Segment Start: DATA TO EXAMINE
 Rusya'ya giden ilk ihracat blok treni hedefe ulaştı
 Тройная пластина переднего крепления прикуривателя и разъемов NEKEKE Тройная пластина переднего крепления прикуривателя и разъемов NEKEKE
Segment End: DATA TO EXAMINE
Segment Start: DATA TO EXAMINE
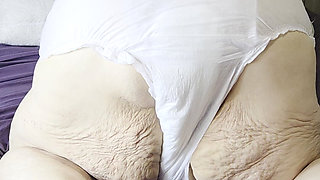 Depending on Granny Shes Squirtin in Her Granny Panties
Segment End: DATA TO EXAMINE
Segment Start: DATA TO EXAMINE
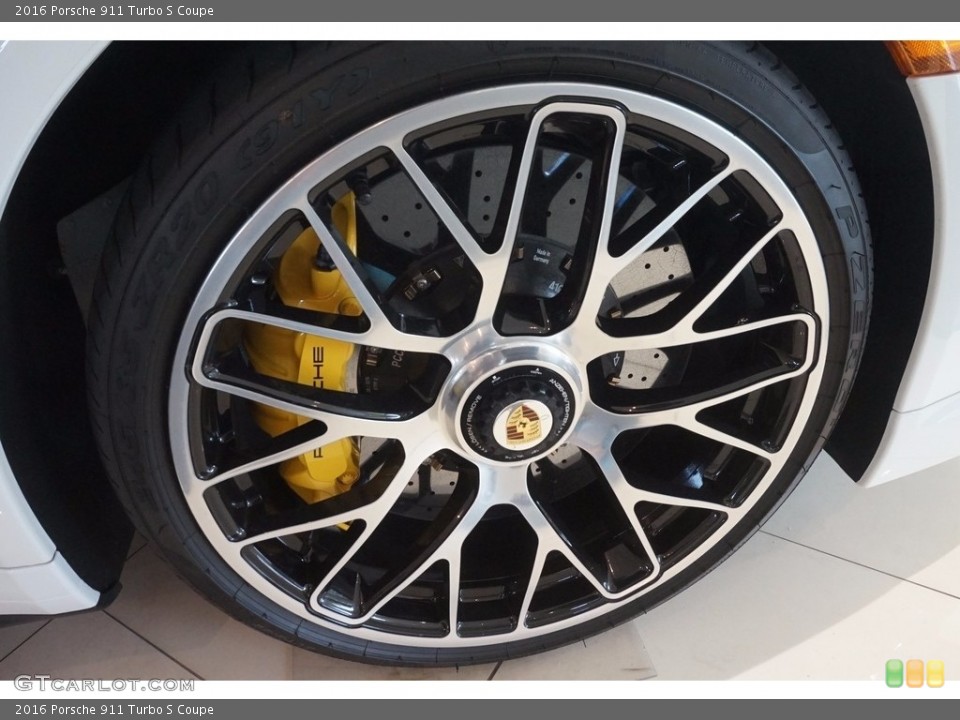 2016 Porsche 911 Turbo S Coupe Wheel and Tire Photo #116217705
Segment End: DATA TO EXAMINE
#### [TASK DIRECTIONS]
Reproduce exactly, and with no other material, the lines between those holding "Rusya'ya giden ilk" and "разъемов NEKEKE Тройная", inclusive.

#### [COMPLETED TASK]
 Rusya'ya giden ilk ihracat blok treni hedefe ulaştı
 Тройная пластина переднего крепления прикуривателя и разъемов NEKEKE Тройная пластина переднего крепления прикуривателя и разъемов NEKEKE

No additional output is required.